If pictures appear in the lines below, skip them and copy exactly the lines from the one containing "233 Wesmina Avenue photo 13" through the one containing "Солнцезащитные очки Mercedes-Benz AMG фото 3", and nothing else.
[[ SUPPLIED INFORMATION, beginning ]]
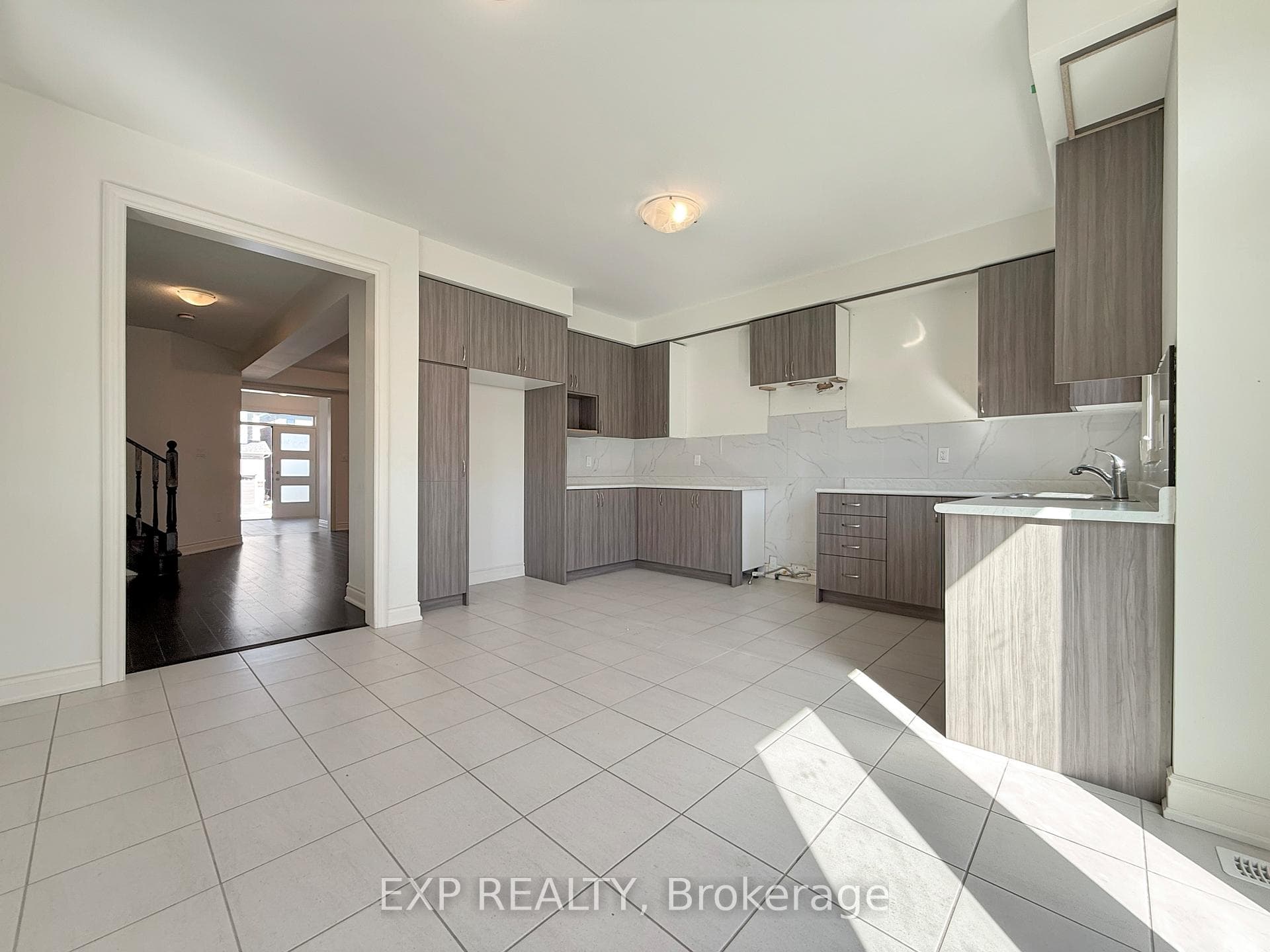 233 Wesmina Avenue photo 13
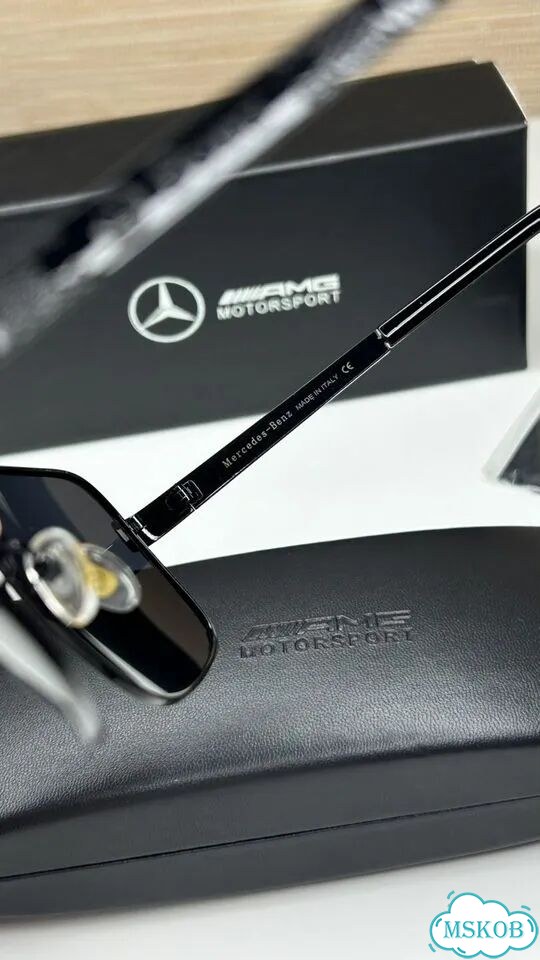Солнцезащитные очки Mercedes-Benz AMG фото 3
[[ SUPPLIED INFORMATION, end ]]
[[ SUPPLIED INFORMATION, beginning ]]
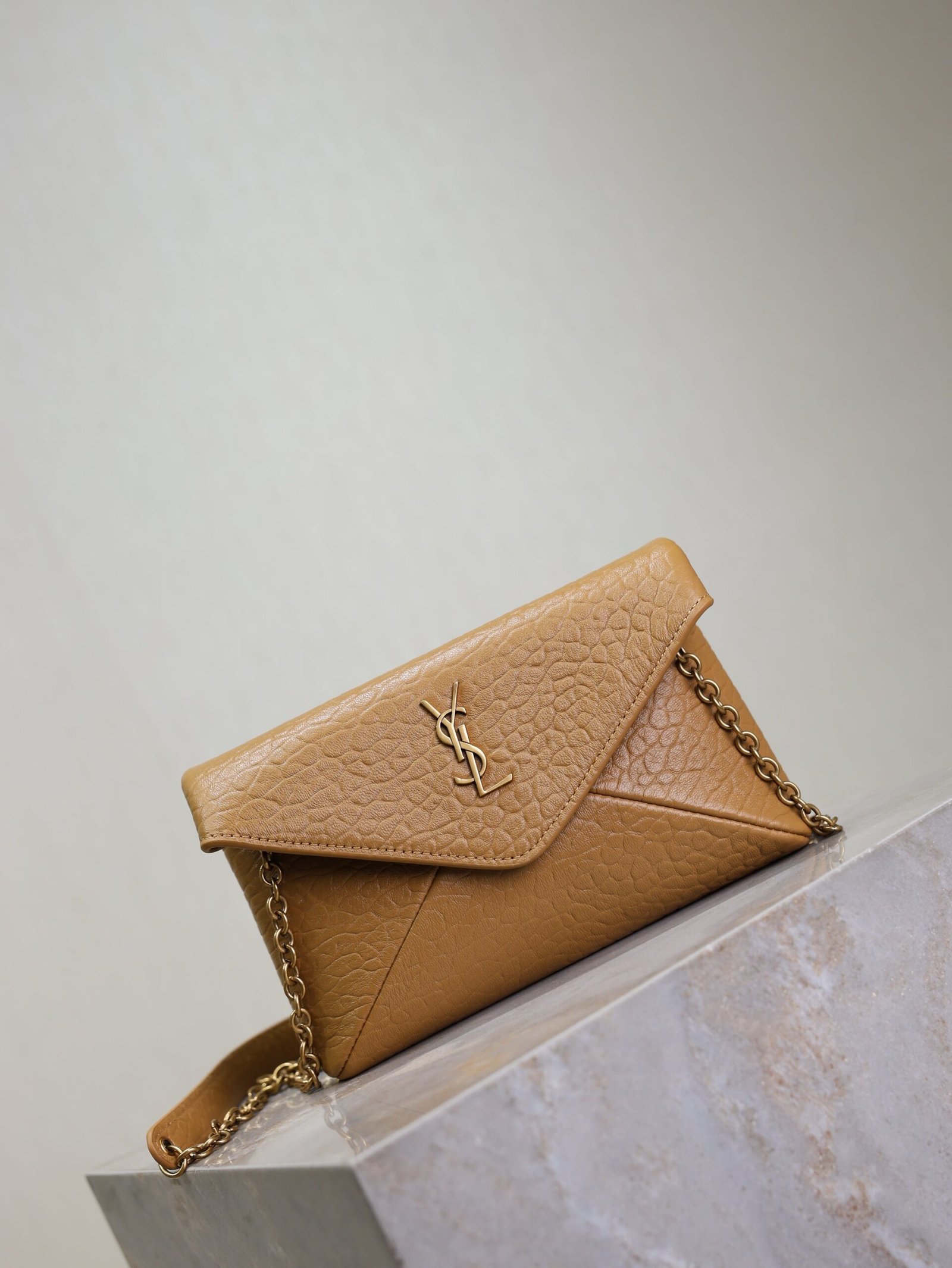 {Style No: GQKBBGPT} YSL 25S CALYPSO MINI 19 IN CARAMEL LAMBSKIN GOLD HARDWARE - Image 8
[[ SUPPLIED INFORMATION, end ]]
**FINISHED TASK**
 233 Wesmina Avenue photo 13
Солнцезащитные очки Mercedes-Benz AMG фото 3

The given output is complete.